Material provided:
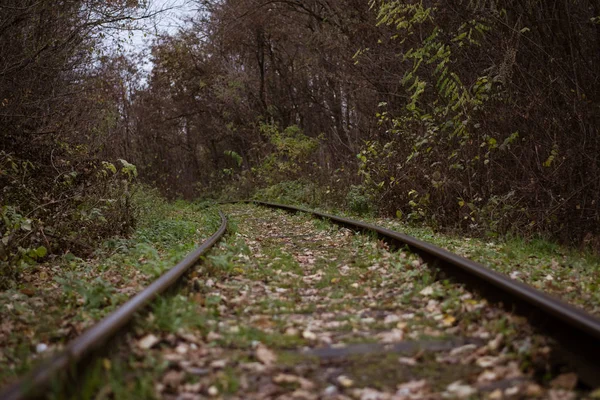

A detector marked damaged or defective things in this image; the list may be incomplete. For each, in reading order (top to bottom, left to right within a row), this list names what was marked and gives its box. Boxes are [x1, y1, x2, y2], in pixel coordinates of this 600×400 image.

rusty rail [0, 212, 227, 400]
rusty rail [253, 202, 600, 386]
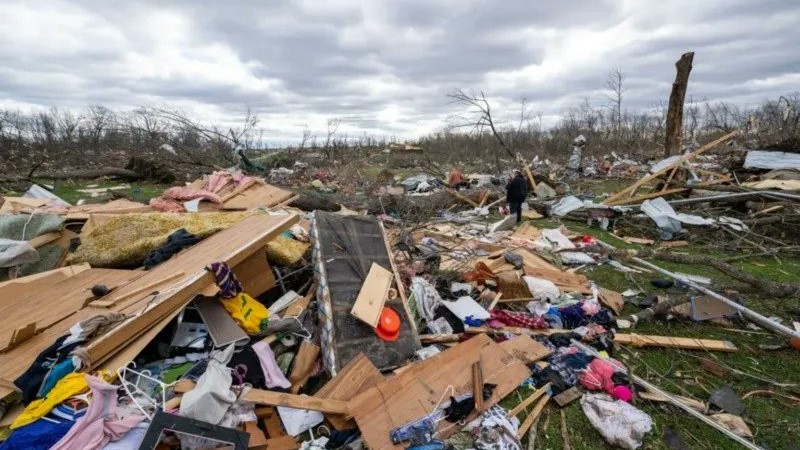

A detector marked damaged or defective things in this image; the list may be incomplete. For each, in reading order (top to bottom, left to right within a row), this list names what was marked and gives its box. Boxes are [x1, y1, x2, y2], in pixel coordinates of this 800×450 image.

splintered wood board [0, 268, 142, 352]
splintered wood board [350, 264, 394, 326]
splintered wood board [350, 334, 552, 450]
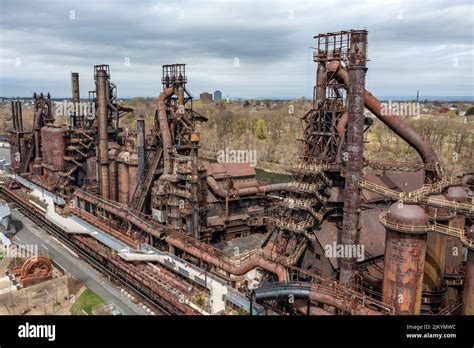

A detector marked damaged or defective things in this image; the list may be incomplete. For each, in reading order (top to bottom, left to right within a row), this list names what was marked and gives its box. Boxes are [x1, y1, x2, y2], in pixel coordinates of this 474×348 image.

large rusty pipe [157, 86, 174, 174]
large rusty pipe [328, 59, 438, 177]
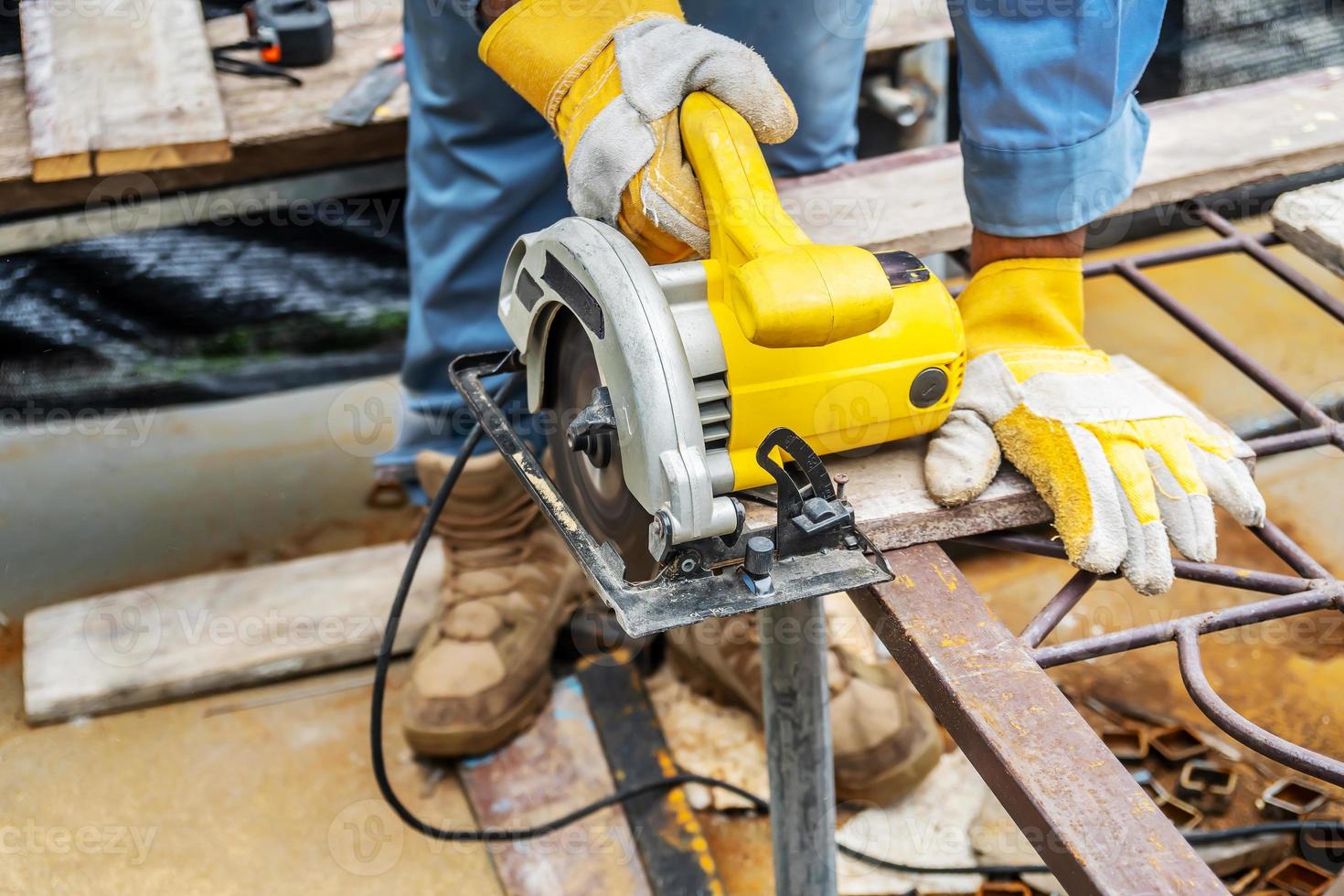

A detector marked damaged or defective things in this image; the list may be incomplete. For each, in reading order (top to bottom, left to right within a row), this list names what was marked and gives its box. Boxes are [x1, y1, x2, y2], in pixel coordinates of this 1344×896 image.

rusty steel bar [1204, 205, 1344, 326]
rusty steel bar [1021, 571, 1096, 647]
rusty metal frame [854, 208, 1339, 891]
rusty steel bar [956, 531, 1322, 596]
rusty steel bar [1027, 585, 1344, 668]
rusty steel bar [849, 542, 1231, 891]
rusty steel bar [1171, 628, 1344, 789]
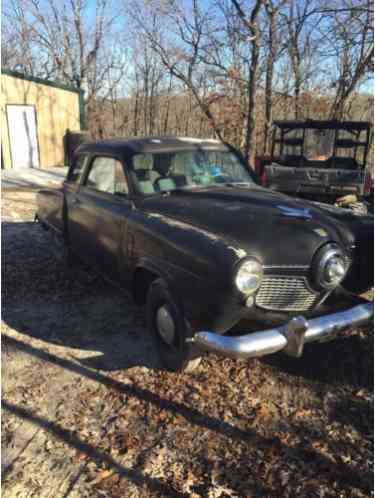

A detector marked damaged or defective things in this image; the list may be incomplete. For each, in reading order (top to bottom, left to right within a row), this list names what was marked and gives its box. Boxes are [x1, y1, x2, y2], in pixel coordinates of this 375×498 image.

rusty car body [36, 138, 374, 372]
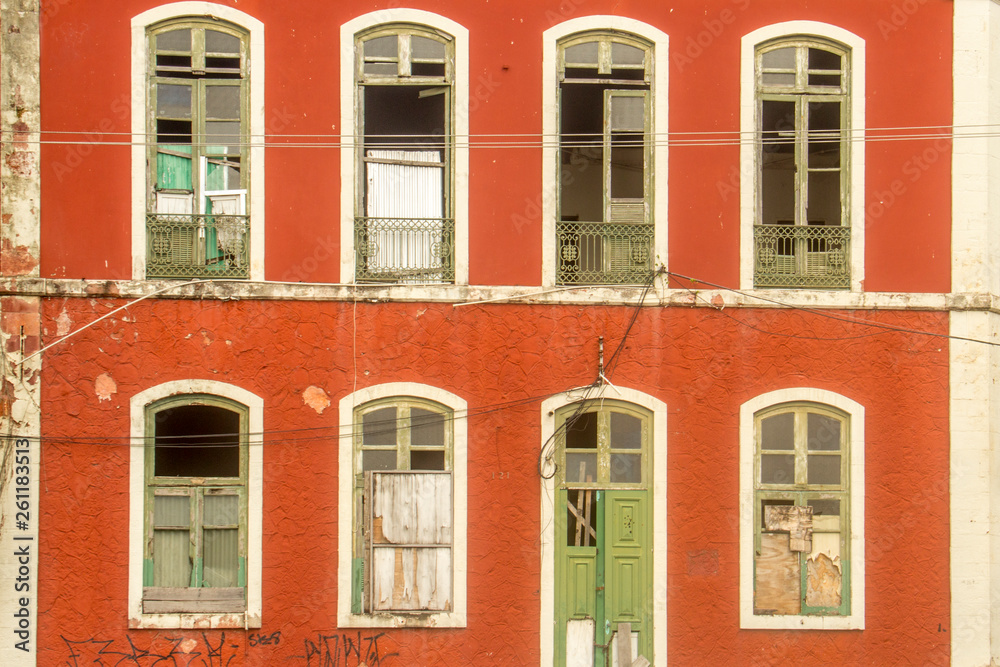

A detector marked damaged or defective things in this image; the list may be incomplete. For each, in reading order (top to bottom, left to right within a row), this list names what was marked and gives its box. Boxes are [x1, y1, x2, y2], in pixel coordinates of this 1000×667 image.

rusted metal grille [147, 213, 250, 278]
rusted metal grille [354, 218, 456, 284]
rusted metal grille [560, 222, 652, 284]
rusted metal grille [752, 224, 848, 290]
chipped paint patch [94, 370, 115, 402]
chipped paint patch [304, 384, 332, 414]
broken window pane [156, 404, 242, 478]
broken window pane [362, 410, 396, 446]
broken window pane [608, 412, 640, 448]
broken window pane [760, 414, 792, 452]
broken window pane [808, 414, 840, 452]
peeling paint wall [33, 300, 952, 664]
broken window pane [760, 454, 792, 486]
broken window pane [808, 454, 840, 486]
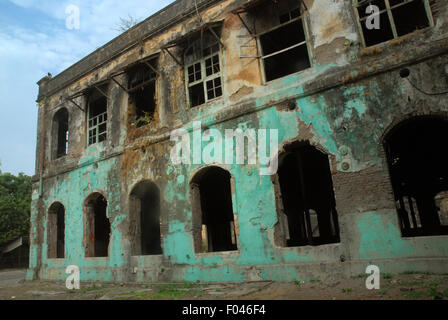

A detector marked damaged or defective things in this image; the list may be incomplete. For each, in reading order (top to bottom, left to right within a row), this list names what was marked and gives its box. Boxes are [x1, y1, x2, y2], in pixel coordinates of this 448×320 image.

broken window frame [183, 27, 223, 107]
broken window frame [248, 2, 312, 82]
broken window frame [354, 0, 434, 47]
broken window frame [86, 84, 109, 146]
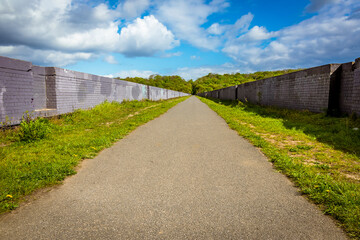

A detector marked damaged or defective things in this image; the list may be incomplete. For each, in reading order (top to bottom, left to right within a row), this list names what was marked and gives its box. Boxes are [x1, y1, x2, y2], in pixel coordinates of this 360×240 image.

cracked asphalt surface [0, 96, 348, 239]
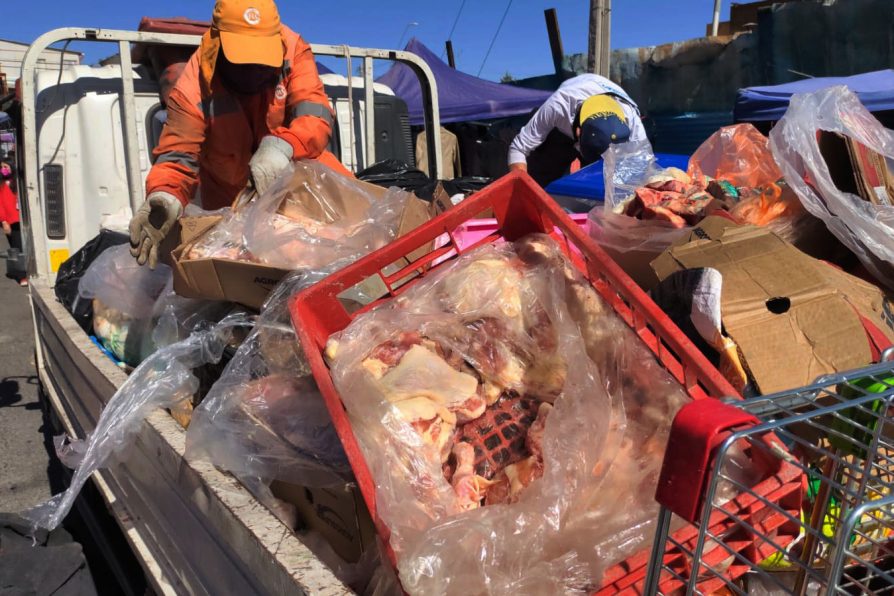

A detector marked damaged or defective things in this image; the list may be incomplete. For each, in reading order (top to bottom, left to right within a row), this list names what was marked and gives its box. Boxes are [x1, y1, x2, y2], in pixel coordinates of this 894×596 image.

torn cardboard flap [656, 217, 884, 394]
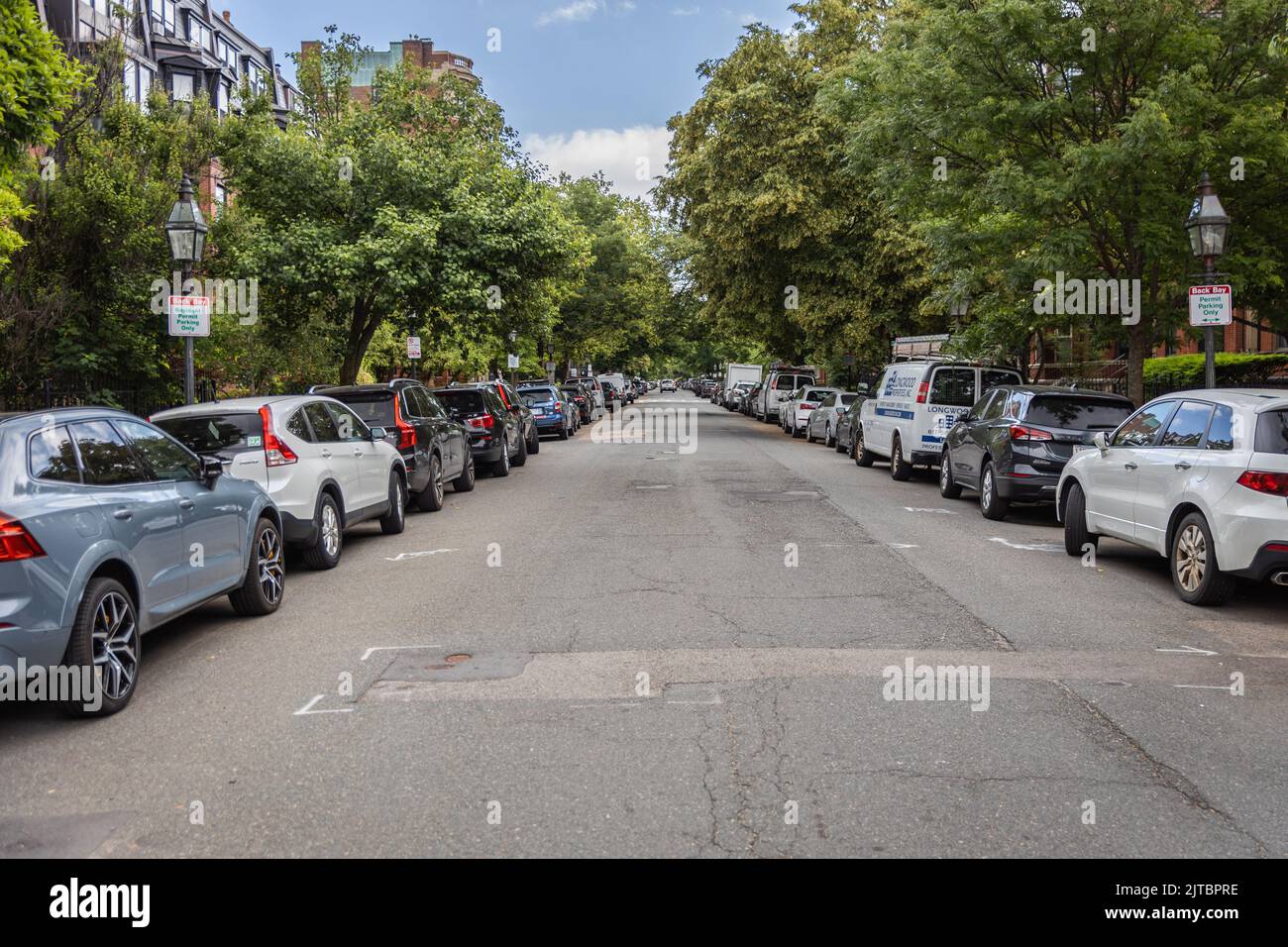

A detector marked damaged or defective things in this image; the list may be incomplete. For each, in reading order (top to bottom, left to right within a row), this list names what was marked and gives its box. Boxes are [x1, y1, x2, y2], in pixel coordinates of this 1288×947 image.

cracked pavement [2, 391, 1288, 860]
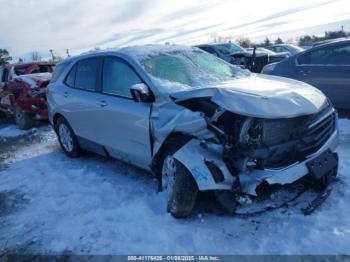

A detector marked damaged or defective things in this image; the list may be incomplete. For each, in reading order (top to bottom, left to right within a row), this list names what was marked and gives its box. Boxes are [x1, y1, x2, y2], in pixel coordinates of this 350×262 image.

red damaged vehicle [0, 61, 55, 129]
crumpled hood [14, 72, 51, 88]
shattered windshield [142, 50, 246, 87]
crumpled hood [171, 73, 326, 118]
damaged chevrolet equinox [47, 44, 338, 217]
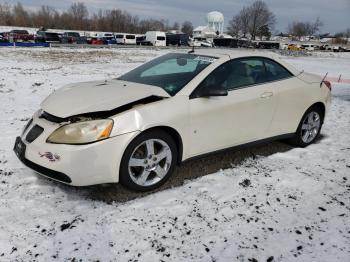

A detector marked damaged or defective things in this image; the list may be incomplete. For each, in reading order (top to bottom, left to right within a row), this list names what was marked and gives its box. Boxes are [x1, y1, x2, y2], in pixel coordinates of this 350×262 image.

crumpled hood [41, 79, 170, 117]
broken headlight assembly [47, 119, 113, 144]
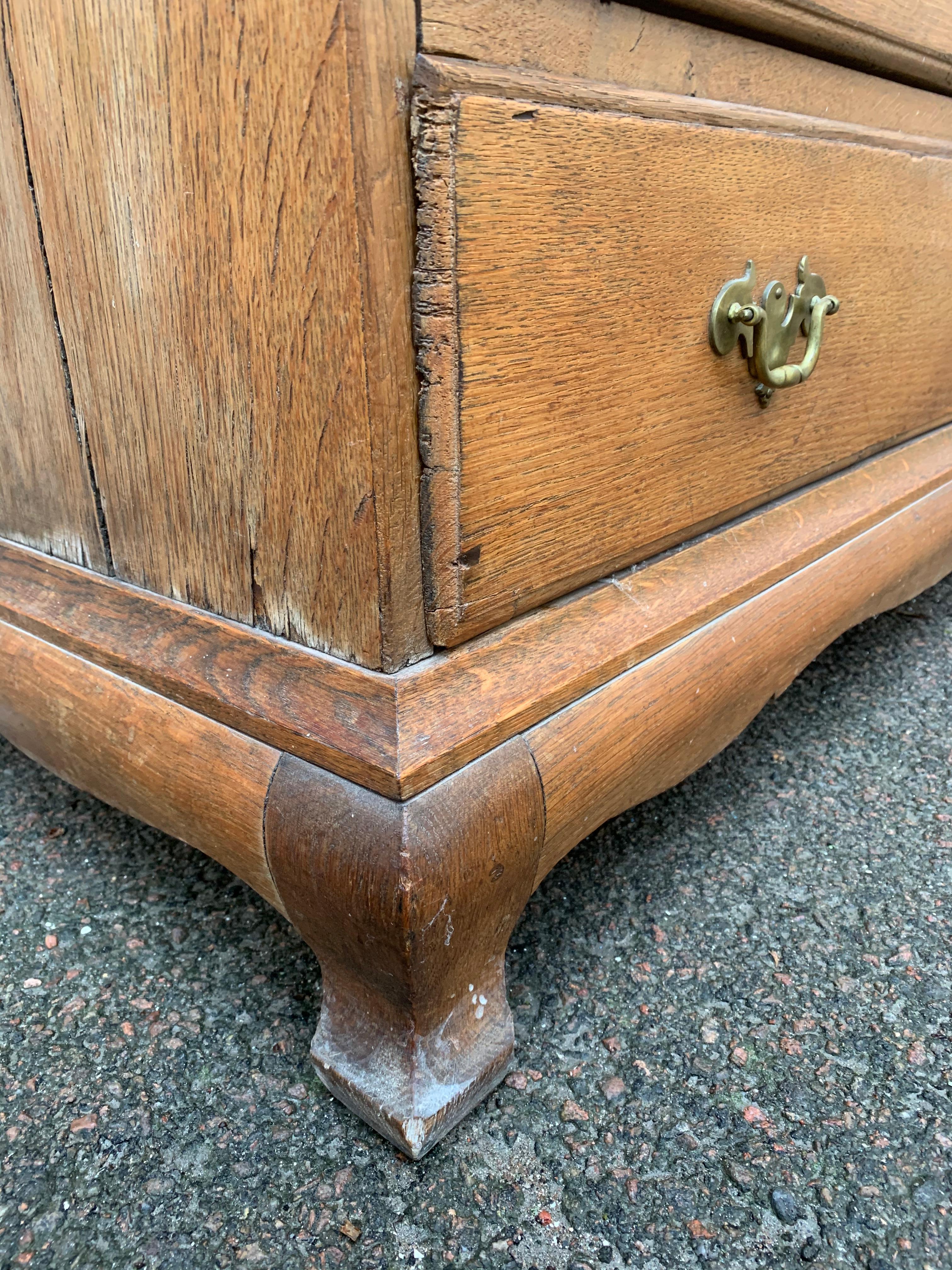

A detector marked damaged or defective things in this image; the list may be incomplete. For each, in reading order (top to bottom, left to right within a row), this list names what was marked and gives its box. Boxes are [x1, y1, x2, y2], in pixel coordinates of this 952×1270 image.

splintered wood edge [411, 53, 952, 160]
splintered wood edge [414, 91, 467, 640]
splintered wood edge [2, 429, 952, 803]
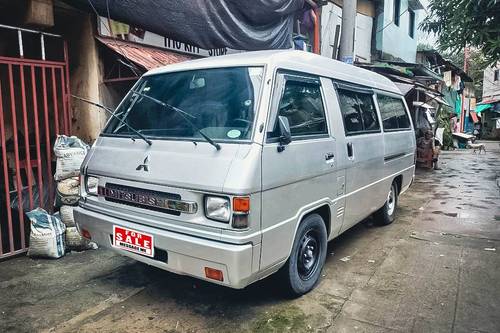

Your goal: Reproduce the lines from the one holding "this 1288×947 image." through the end of the entries above exactly, keeping both ends and dropping every picture.

Solution to this exercise:
A detector marked damaged or defective things in this image; the list may be incomplete. For each, in reading order (top to bottom, left to right within a row), this list names what was marked and gives its box. Boxes are [x1, y1, x2, y2], in pixel coordinates of this 1288×947 image.

cracked pavement [2, 391, 1288, 860]

A detector marked damaged or defective things in this image; the list may be incomplete. For each, in reading order (top to bottom, left to right within a row), this list names what was marked and gives its box. Boxes are [x1, y1, x2, y2], in pixel coordinates of this 350×262 image.

red damaged vehicle [0, 61, 55, 129]
crumpled hood [14, 72, 51, 88]
shattered windshield [142, 50, 246, 87]
crumpled hood [171, 73, 326, 118]
damaged chevrolet equinox [47, 44, 338, 217]

A detector marked damaged or defective things in this image; the list may be incomplete. For each, in reading order (top to bottom, left to right within a row), this list names what was marked and gives its box. Boxes are [x1, y1, x2, y2], in pixel coordinates of this 350×262 image.

crumpled hood [41, 79, 170, 117]
broken headlight assembly [47, 119, 113, 144]

A detector marked damaged or defective things in this image; the list may be incomplete. For each, in reading order (top to bottom, left to right within a row), this list names what was marked and gives its box. Boxes are [x1, y1, x2, y2], in pixel coordinates of this 952×1270 image.

splintered wood edge [411, 53, 952, 160]
splintered wood edge [414, 91, 467, 640]
splintered wood edge [2, 429, 952, 803]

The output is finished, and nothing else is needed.